EXERCISE REQUIREMENTS:
Retype every entry word for word.

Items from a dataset

::::::::::

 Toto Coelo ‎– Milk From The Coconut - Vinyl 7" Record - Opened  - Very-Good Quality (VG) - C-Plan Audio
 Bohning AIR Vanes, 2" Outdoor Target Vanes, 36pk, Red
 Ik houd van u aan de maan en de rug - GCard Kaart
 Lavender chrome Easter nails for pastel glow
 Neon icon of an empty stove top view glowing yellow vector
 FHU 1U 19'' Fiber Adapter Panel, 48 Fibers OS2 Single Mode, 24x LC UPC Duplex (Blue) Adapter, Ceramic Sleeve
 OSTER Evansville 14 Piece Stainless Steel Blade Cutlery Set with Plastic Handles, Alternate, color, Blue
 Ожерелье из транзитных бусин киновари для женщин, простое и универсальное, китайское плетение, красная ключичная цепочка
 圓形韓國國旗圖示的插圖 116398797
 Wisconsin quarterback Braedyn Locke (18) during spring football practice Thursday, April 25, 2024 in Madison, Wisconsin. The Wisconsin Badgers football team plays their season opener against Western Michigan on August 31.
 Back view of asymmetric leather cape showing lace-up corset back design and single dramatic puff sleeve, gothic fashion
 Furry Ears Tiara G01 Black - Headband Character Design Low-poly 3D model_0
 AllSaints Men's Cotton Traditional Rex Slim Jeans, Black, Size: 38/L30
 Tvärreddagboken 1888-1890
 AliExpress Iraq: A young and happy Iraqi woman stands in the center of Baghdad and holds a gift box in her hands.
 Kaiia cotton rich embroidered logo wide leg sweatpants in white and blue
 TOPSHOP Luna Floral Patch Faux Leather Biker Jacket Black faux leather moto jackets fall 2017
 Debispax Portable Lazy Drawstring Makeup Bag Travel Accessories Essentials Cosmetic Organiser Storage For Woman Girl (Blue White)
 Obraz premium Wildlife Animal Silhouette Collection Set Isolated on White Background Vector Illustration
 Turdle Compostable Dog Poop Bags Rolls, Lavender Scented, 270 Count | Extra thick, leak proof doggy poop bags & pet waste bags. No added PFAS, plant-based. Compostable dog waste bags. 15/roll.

::::::::::

WRITTEN SOLUTION:
 Toto Coelo ‎– Milk From The Coconut - Vinyl 7" Record - Opened  - Very-Good Quality (VG) - C-Plan Audio
 Bohning AIR Vanes, 2" Outdoor Target Vanes, 36pk, Red
 Ik houd van u aan de maan en de rug - GCard Kaart
 Lavender chrome Easter nails for pastel glow
 Neon icon of an empty stove top view glowing yellow vector
 FHU 1U 19'' Fiber Adapter Panel, 48 Fibers OS2 Single Mode, 24x LC UPC Duplex (Blue) Adapter, Ceramic Sleeve
 OSTER Evansville 14 Piece Stainless Steel Blade Cutlery Set with Plastic Handles, Alternate, color, Blue
 Ожерелье из транзитных бусин киновари для женщин, простое и универсальное, китайское плетение, красная ключичная цепочка
 圓形韓國國旗圖示的插圖 116398797
 Wisconsin quarterback Braedyn Locke (18) during spring football practice Thursday, April 25, 2024 in Madison, Wisconsin. The Wisconsin Badgers football team plays their season opener against Western Michigan on August 31.
 Back view of asymmetric leather cape showing lace-up corset back design and single dramatic puff sleeve, gothic fashion
 Furry Ears Tiara G01 Black - Headband Character Design Low-poly 3D model_0
 AllSaints Men's Cotton Traditional Rex Slim Jeans, Black, Size: 38/L30
 Tvärreddagboken 1888-1890
 AliExpress Iraq: A young and happy Iraqi woman stands in the center of Baghdad and holds a gift box in her hands.
 Kaiia cotton rich embroidered logo wide leg sweatpants in white and blue
 TOPSHOP Luna Floral Patch Faux Leather Biker Jacket Black faux leather moto jackets fall 2017
 Debispax Portable Lazy Drawstring Makeup Bag Travel Accessories Essentials Cosmetic Organiser Storage For Woman Girl (Blue White)
 Obraz premium Wildlife Animal Silhouette Collection Set Isolated on White Background Vector Illustration
 Turdle Compostable Dog Poop Bags Rolls, Lavender Scented, 270 Count | Extra thick, leak proof doggy poop bags & pet waste bags. No added PFAS, plant-based. Compostable dog waste bags. 15/roll.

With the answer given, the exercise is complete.